## PROBLEM STATEMENT
With the material below, print exactly the lines between the line holding "Pack Housse de" and the line holding "Mickey Mantle 1968", inclusive. Add nothing else.

━━━━━━━━━━━━━━━━━━━━━━━━━━━━━━

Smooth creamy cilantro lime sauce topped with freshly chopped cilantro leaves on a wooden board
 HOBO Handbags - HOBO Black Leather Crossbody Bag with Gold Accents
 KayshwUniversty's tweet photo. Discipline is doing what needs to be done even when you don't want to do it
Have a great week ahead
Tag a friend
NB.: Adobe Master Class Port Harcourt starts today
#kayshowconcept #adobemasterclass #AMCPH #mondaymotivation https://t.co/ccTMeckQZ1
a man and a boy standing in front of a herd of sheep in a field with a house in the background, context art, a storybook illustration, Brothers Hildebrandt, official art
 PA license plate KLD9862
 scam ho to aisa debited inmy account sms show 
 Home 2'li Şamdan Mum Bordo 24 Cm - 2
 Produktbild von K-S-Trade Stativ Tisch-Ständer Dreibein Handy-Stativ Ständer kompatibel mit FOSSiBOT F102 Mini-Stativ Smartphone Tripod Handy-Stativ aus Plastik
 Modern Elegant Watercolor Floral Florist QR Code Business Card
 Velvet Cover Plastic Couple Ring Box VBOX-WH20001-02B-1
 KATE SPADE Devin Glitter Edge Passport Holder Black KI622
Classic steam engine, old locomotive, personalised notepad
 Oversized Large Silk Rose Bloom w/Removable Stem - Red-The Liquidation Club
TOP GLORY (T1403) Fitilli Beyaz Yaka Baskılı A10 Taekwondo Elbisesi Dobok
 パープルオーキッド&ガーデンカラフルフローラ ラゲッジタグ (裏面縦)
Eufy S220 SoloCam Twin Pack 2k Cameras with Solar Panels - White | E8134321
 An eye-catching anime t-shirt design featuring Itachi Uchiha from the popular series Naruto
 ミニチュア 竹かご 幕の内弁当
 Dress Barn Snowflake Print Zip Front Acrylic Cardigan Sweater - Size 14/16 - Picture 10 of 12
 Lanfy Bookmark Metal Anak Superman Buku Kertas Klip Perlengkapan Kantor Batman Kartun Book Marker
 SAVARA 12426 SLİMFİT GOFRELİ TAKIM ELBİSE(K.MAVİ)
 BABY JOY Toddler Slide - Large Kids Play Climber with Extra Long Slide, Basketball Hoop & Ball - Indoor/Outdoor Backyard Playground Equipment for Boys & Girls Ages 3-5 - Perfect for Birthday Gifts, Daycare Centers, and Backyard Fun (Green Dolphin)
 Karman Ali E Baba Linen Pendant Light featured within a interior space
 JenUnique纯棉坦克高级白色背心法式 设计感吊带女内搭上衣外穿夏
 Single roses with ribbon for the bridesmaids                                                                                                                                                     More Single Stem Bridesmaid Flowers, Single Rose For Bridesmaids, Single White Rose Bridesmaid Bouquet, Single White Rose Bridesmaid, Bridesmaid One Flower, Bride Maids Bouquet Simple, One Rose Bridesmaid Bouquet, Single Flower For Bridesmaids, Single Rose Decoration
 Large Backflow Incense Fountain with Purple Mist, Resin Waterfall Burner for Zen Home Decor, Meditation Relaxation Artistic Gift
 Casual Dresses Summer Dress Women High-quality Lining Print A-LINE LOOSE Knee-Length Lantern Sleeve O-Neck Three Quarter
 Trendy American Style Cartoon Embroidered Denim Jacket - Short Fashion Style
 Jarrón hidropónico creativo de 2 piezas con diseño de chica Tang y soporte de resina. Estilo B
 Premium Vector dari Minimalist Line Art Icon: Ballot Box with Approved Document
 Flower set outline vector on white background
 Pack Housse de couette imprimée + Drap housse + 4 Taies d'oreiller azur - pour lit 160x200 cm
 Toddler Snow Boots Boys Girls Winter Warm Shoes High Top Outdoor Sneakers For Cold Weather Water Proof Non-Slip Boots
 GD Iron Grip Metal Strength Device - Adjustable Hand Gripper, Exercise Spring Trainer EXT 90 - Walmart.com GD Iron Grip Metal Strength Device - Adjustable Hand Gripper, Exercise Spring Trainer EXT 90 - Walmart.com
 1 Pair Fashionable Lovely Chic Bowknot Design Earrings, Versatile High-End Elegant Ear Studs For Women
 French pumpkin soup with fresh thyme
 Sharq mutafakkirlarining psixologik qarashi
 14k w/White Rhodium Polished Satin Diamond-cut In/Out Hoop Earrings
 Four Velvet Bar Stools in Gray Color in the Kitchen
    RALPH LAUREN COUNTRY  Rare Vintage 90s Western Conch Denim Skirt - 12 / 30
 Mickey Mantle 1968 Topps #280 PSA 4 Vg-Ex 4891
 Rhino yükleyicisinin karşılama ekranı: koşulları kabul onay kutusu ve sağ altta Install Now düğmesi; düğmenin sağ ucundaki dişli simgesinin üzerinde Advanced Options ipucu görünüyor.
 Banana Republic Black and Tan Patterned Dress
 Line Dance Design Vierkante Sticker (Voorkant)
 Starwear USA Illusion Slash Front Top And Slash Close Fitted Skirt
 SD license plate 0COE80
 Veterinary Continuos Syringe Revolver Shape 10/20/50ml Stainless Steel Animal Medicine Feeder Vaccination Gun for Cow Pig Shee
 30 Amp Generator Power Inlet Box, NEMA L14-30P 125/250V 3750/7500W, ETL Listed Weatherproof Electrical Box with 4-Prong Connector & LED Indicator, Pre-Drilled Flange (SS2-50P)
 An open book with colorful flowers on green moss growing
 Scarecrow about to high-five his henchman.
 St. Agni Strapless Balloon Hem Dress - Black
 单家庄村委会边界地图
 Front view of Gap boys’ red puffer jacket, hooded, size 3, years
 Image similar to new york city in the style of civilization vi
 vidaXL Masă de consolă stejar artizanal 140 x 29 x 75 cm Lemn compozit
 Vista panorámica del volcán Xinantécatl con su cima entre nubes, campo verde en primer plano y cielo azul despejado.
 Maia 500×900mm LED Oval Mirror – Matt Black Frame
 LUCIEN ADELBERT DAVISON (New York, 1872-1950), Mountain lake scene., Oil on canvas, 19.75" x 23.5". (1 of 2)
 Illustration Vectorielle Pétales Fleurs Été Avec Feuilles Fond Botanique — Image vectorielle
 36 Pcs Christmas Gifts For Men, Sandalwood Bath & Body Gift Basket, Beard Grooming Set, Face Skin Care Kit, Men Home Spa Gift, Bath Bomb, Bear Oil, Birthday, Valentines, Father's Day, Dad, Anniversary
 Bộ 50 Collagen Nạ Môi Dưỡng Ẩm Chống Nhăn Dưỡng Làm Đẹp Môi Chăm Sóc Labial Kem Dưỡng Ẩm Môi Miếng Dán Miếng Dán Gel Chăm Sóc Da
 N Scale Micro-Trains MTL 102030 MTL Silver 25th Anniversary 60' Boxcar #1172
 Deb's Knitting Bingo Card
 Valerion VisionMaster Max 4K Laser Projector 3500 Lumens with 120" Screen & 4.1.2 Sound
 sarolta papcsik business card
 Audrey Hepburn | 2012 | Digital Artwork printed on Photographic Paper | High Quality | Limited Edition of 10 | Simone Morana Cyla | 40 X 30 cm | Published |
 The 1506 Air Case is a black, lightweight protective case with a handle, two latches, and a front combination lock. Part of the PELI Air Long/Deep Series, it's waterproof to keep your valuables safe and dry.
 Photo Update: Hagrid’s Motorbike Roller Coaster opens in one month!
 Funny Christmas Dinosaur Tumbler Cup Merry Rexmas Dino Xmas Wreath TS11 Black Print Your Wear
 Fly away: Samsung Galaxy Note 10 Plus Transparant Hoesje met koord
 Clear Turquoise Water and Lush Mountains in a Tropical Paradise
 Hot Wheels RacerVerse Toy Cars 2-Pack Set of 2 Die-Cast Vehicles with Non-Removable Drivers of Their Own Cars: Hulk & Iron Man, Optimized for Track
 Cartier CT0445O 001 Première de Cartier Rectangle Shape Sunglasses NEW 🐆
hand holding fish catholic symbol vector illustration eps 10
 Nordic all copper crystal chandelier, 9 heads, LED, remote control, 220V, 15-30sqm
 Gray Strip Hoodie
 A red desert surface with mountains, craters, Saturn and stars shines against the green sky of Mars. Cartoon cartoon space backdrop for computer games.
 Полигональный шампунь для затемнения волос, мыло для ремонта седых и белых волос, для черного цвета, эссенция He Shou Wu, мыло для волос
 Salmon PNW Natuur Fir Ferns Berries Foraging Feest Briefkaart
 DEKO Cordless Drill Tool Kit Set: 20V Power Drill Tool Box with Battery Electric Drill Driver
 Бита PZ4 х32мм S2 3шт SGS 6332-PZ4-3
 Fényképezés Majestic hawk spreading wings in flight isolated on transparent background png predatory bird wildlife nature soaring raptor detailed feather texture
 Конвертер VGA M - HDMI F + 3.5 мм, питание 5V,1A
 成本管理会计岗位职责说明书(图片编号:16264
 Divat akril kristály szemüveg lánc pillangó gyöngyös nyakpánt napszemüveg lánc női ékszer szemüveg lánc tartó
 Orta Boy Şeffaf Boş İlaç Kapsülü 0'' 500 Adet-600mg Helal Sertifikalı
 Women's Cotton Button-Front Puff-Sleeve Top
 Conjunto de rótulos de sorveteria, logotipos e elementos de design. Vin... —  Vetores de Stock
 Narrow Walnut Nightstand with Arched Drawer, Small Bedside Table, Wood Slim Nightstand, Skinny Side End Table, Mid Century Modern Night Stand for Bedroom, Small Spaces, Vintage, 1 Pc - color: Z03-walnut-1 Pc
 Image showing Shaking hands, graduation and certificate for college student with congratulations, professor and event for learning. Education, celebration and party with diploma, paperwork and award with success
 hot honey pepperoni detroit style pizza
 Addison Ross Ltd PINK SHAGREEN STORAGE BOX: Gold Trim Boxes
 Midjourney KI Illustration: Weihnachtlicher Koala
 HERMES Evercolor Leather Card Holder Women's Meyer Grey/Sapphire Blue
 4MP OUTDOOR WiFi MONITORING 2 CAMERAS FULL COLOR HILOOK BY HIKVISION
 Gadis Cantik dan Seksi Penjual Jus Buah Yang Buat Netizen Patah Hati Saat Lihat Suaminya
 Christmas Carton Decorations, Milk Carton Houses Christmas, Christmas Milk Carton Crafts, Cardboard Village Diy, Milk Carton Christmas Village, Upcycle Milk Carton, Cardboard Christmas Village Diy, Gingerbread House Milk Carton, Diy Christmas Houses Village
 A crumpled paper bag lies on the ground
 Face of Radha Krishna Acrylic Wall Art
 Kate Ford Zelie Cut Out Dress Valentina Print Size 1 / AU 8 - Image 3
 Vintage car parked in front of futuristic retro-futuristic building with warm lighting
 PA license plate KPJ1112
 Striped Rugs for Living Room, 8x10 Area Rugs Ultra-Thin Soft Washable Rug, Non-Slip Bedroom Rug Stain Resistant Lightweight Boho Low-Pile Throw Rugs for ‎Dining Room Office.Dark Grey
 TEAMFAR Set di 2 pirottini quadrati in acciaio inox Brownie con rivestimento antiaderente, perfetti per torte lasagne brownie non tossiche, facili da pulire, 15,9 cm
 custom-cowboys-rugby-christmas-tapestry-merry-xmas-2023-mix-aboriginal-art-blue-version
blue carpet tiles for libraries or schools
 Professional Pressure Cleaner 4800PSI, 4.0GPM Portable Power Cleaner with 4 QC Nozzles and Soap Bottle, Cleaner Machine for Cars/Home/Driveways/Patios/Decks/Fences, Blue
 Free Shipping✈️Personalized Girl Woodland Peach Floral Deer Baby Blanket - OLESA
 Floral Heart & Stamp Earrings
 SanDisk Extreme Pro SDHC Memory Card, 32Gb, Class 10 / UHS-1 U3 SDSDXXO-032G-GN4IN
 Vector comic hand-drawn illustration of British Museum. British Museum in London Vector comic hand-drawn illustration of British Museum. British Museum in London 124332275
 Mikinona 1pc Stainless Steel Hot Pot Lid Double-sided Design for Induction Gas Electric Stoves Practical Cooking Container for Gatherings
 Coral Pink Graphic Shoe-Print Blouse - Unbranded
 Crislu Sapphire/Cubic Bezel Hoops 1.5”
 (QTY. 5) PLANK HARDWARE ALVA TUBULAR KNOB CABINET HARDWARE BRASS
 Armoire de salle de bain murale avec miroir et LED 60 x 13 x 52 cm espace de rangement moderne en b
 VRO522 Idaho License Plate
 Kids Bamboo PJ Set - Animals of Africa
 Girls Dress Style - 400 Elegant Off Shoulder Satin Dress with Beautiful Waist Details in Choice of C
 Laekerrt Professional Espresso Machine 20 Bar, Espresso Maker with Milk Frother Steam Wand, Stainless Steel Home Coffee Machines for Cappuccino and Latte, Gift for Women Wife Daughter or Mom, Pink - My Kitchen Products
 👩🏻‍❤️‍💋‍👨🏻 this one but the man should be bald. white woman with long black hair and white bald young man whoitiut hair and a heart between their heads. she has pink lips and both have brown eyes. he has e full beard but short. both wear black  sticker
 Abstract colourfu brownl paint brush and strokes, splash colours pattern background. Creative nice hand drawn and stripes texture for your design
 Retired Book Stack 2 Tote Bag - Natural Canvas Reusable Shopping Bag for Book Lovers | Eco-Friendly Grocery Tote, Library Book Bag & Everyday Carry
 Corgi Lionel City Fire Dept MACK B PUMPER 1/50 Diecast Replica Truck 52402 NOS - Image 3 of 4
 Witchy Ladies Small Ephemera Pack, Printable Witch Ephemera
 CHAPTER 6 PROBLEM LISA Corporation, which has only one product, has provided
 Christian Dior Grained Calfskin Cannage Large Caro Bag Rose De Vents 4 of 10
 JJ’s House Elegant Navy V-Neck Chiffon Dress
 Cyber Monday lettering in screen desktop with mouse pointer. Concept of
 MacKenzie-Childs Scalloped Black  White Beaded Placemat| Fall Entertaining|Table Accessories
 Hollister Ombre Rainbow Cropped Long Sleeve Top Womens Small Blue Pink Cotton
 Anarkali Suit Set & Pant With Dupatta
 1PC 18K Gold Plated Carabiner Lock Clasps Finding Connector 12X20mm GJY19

━━━━━━━━━━━━━━━━━━━━━━━━━━━━━━

## SOLUTION
 Pack Housse de couette imprimée + Drap housse + 4 Taies d'oreiller azur - pour lit 160x200 cm
 Toddler Snow Boots Boys Girls Winter Warm Shoes High Top Outdoor Sneakers For Cold Weather Water Proof Non-Slip Boots
 GD Iron Grip Metal Strength Device - Adjustable Hand Gripper, Exercise Spring Trainer EXT 90 - Walmart.com GD Iron Grip Metal Strength Device - Adjustable Hand Gripper, Exercise Spring Trainer EXT 90 - Walmart.com
 1 Pair Fashionable Lovely Chic Bowknot Design Earrings, Versatile High-End Elegant Ear Studs For Women
 French pumpkin soup with fresh thyme
 Sharq mutafakkirlarining psixologik qarashi
 14k w/White Rhodium Polished Satin Diamond-cut In/Out Hoop Earrings
 Four Velvet Bar Stools in Gray Color in the Kitchen
    RALPH LAUREN COUNTRY  Rare Vintage 90s Western Conch Denim Skirt - 12 / 30
 Mickey Mantle 1968 Topps #280 PSA 4 Vg-Ex 4891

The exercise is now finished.